The $220 million Silver Fern Farms-PGG Wrightson partnership looks to be over before it started, the victim of the global financial meltdown.

Directors and management of the two companies were yesterday trying to keep the deal on track, but brokers and observers doubted it would proceed, given a debt-raising proposal was contingent on the now cancelled $110 million placement of shares.

Silver Fern Farms chairman Eoin Garden said it was his intention to complete the deal, and PGG Wrightson chairman Craig Norgate remained hopeful, but admitted the current credit crunch had created some major obstacles.

Mr Norgate said the company could not meet Tuesday's deadline for a $145 million part-settlement payment after international banks, which had previously committed to the deal, were unable to give credit approvals on time.

As late as 2pm on Tuesday, the deal - in which PGG Wrightson was to pay $220 million for a 50% stake in Silver Fern Farms - looked like being completed, but by 3pm it was obvious the deadline could not be met.

Asked if the partnership was a jeopardy, Mr Norgate said it was difficult to say, but its future should be known in a couple of days.

He said there was no certainty financiers would be willing to front up again in the current financial environment.

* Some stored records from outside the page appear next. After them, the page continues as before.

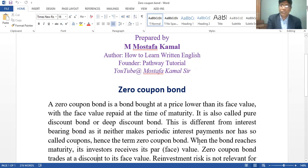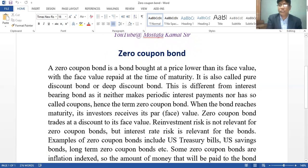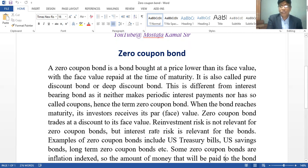Hence, the term zero-coupon bond. When the bond reaches maturity, its investors receive its par value. Zero-coupon bond trades at a discount to its face value. Reinvestment risk is not relevant for zero-coupon bonds, but interest rate risk is relevant for these bonds.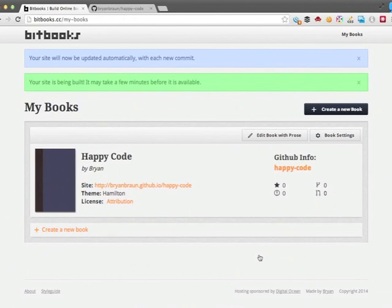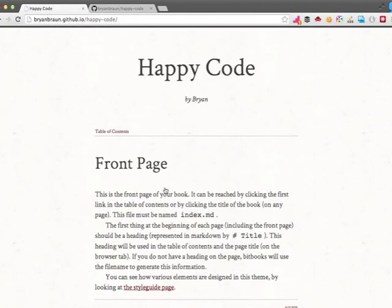Let's take a look at the site. And there it is.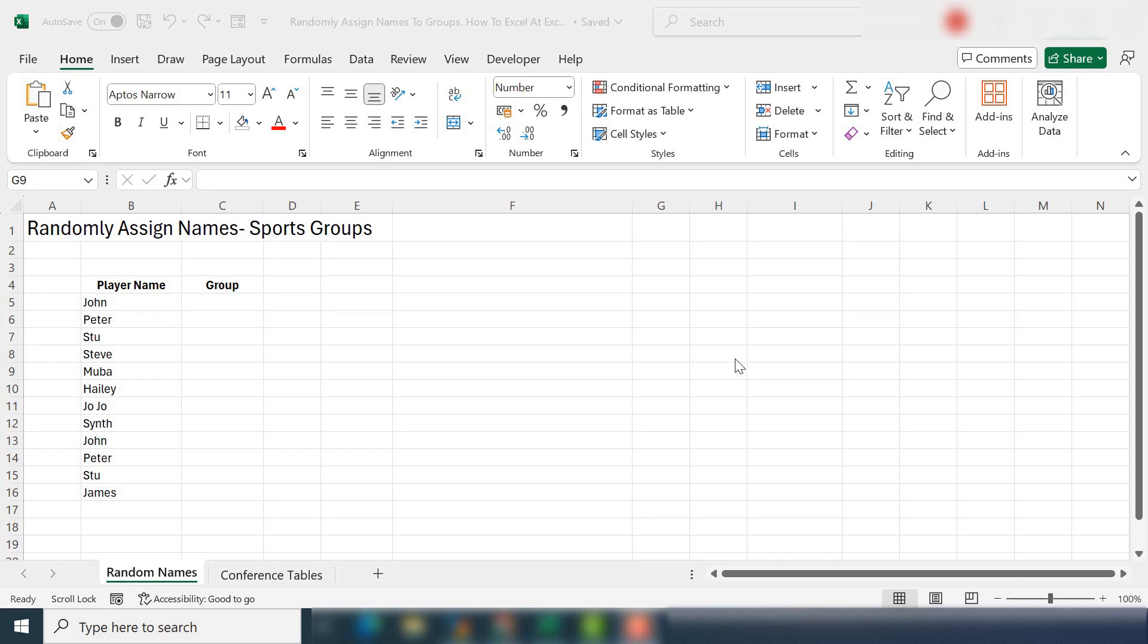Today I'm going to show you how to randomly assign names to groups. So this has a ton of applications or uses.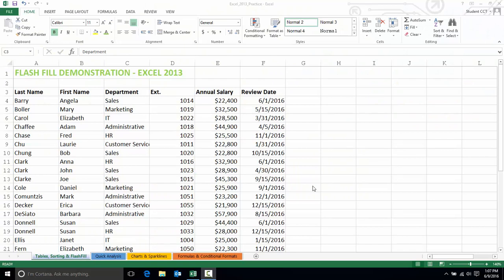Hi, this is Rachel Stone with CCT in Richmond, Virginia, and I'm going to demonstrate Flash Fill in Excel 2013. Flash Fill is when Excel fills out data based on an example or based on what you're typing in your workbook. It will pick up on a pattern that you're creating and will actually auto-complete other data in your workbook.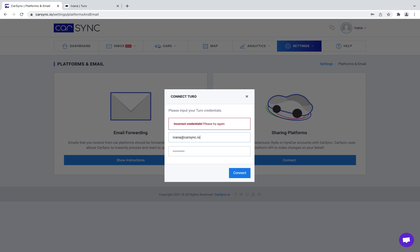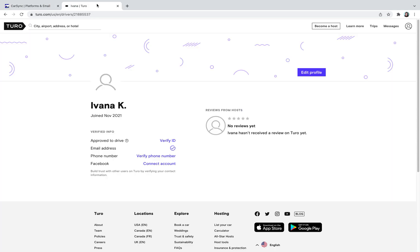This issue can be resolved quickly and easily by creating a password for your existing Turo account. To do that, take the following steps.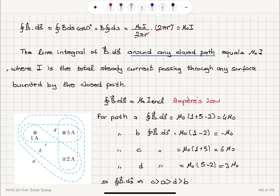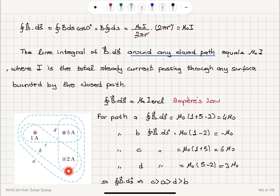For the example with three current-carrying wires, for each path I consider which wires are enclosed. For path a, enclosing 1 amp and 5 amps out and 2 amps in, the result is 4μ₀. For path b, enclosing 1 amp and 2 amps in opposite directions, it is −μ₀. For path c, enclosing 1 amp and 5 amps, it is 6μ₀. For path d, enclosing 5 amps and 2 amps in the opposite direction, it is 3μ₀. This allows comparison of the path integrals along these four different paths.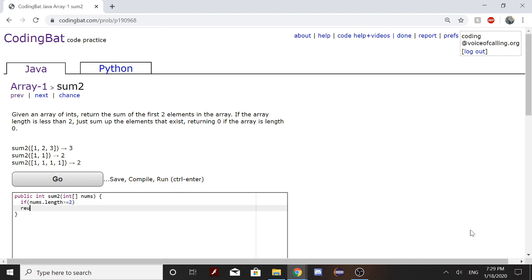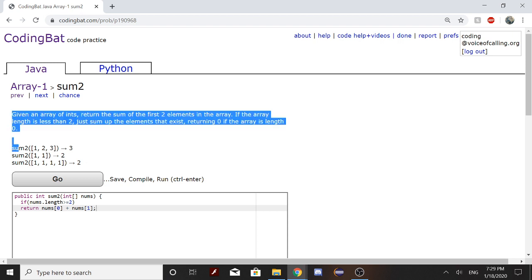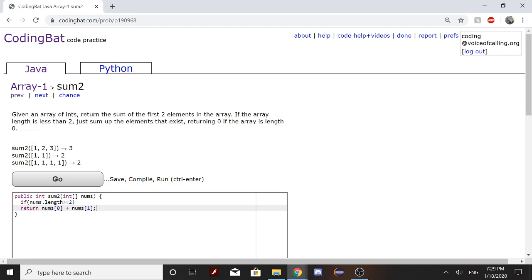And we will return nums[0] plus nums[1], which will print out 3 for this instance because it's adding 1 and 2.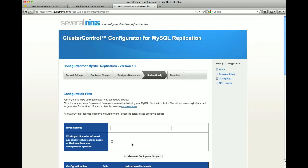At this point, we have generated the configuration file for the replication cluster. Next, we will generate the deployment package. This will be emailed to you at the address you specified.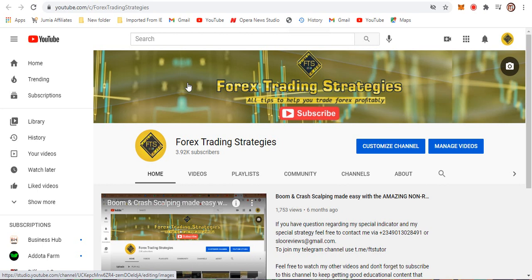Hello guys, welcome back to FTS Forex Trading Strategies. I've been gone for about four months for some reasons I cannot discuss publicly. For those of you that reached out, called, or chatted me on WhatsApp and Telegram to check on me — thank you so much. I really appreciate the love. We are back again for good. Happy New Year, and I hope this is a prosperous one where we make a lot of money trading.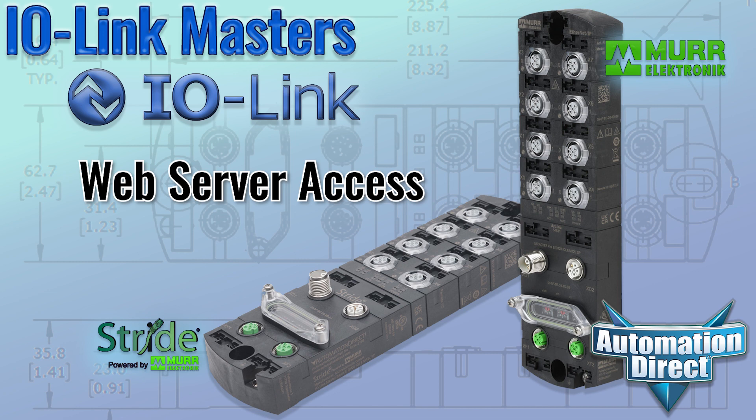For much more on IO-Link capabilities and products carried by AutomationDirect, be sure to check out our IO-Link videos collection. Click here for the video playlist, click here for IO-Link products, and click here to subscribe to AutomationDirect's YouTube channel.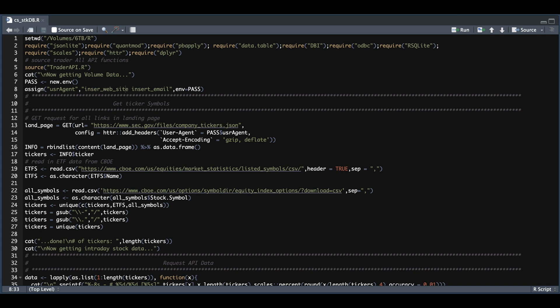In this video, I'm going to be showing you how to create an intraday stock database. We're going to be using the Trader API as our data source. You're going to want to set your working directory in the very first line, load up the packages, and for the database we're going to be using SQLite, and of course sourcing all of our functions for the Trader API.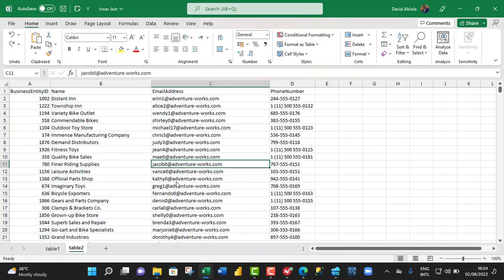Hello and welcome to this Microsoft Excel video tutorial. In this video, I'm going to show us how to create InnerJoin in Excel. So, let's dive in.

Mr Garden said the agreement with shareholders gave the co-operative the month of October to complete the transaction, and he intended working towards implementing the original agreement.

"I know Craig Norgate has a really positive commitment to the proposal, and it's for him to fulfil that commitment.

"The agreement is still current and it is our intention to settle on that agreement," he said.

Despite this setback, Mr Garden said Silver Fern Farms would continue its plate-to-pasture integrated supply chain - where farmers supply product to customer requirements when needed.

There has been speculation the deal could be implemented in part, or that PGG Wrightson could take a smaller stake.

SFF's initial proposal was to contract stock procurement to PGG, but that idea grew into a more formal relationship, with PGG set to acquire a 50% stake.

ABN Amro Craigs broker Peter McIntyre said investors appeared to have had doubts about the SFF deal but had flocked back to the stock now the merger seemed unlikely to proceed.

PGG shares closed trading yesterday at $1.85, an increase of 25c for the day, on volumes of 1.3 million shares.

The stock had peaked at $2.95 in the past twelve months but had plunged in recent weeks to a low of $1.60.

The credit crunch has forced the postponement by a year of construction of a $90 million Mataura Valley milk processing plant near Gore.

Chief executive Chris Shelley said delays in closing funding meant there was a risk it would not be ready for the start of the 2009 milking season as planned.

Commercial production was now targeted for August 2010.